While The Stand is one of my very favorite SK books (after Dead Zone), there were things in it that were offputting to me.
I get that Vegas is Sin City, where nothing is natural, it's an artificial facade, it's a place built on vice, and sure, let's nuke it. Within the larger context, the point was being made East is good, West is bad, and that bothered me. Having traveled a bit, I will grant that there is corruption (and goodness) everywhere, but in the older (i.e., East) cities, the corruption is older and more ingrained. When I came west to live (and away from the Chicago influence), I enjoyed the comparative lack of corruption in public institutions, and it was a bit jarring to me to read "East is more morally upright than West." I confess that I'm quite possibly putting more into it than the author intended.
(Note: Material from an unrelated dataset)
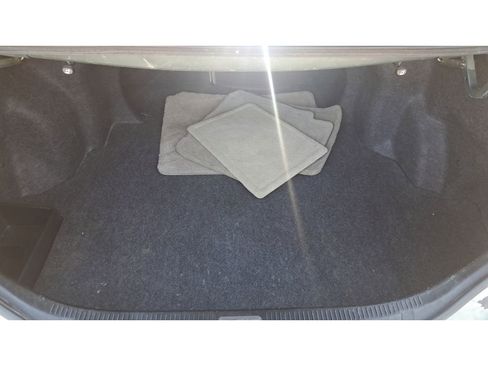 Used 2009 Toyota Camry LE image 9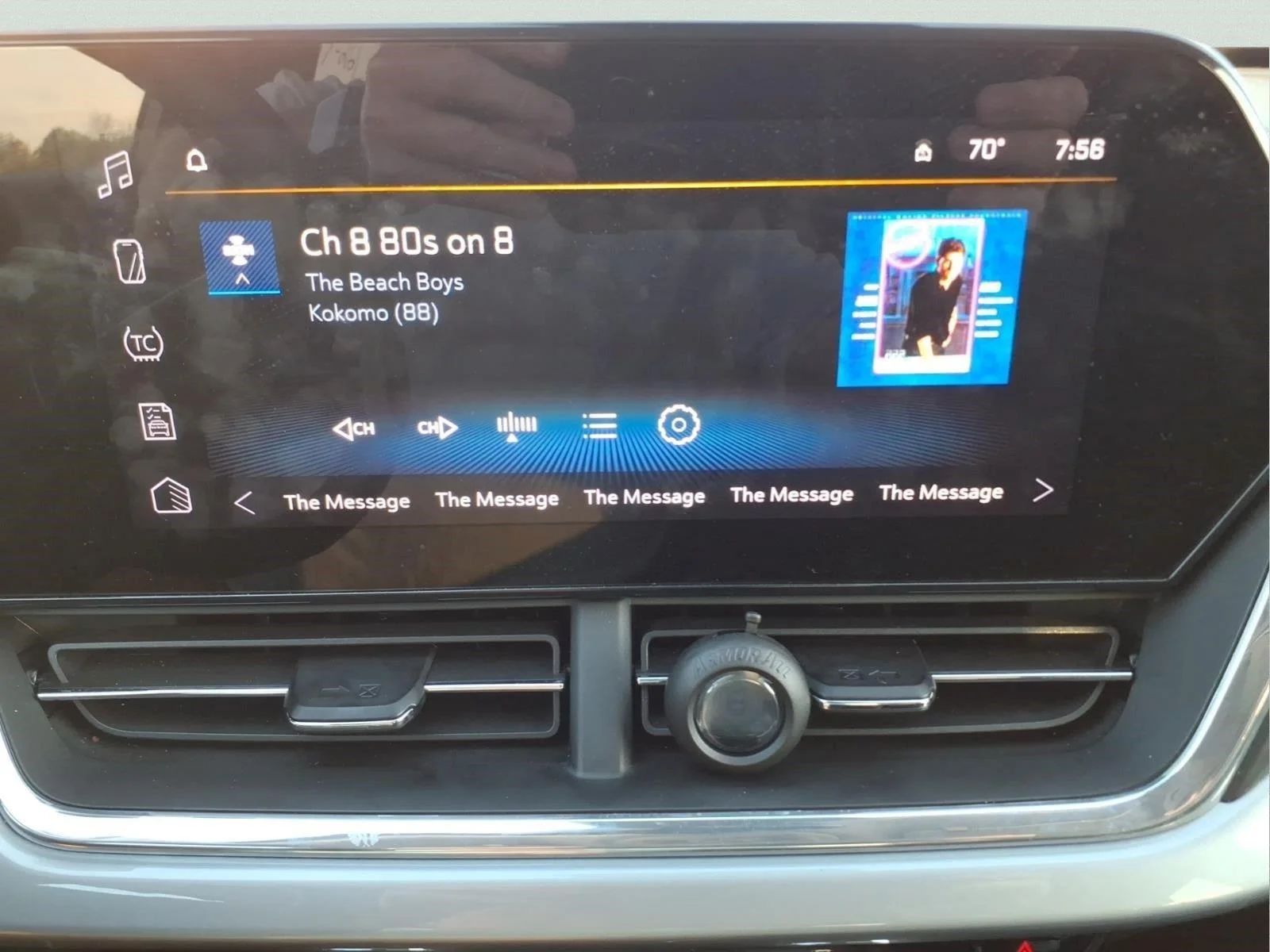 Used 2025 Sterling Gray Metallic Chevrolet LT image 22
Another part, and now this is just me projecting again, is the whimsical wish to go back to a world of magic where water flows uphill and fairies dot the landscape with frost. That's nice and fanciful, but in my view, all that "go back" stuff refers to made-up things, because the world was never like that, and believing that it was, aside from entertainment value (I like LOTR as much as anyone), slows down our appreciation of, and ability to deal with, the world as it actually exists. "We don't like an unpredictable world. Let's have supernaturalism so we can figure it out!" I don't favor that approach.
Okay, yeah, I'm making too much of it. And I really, really did like the book.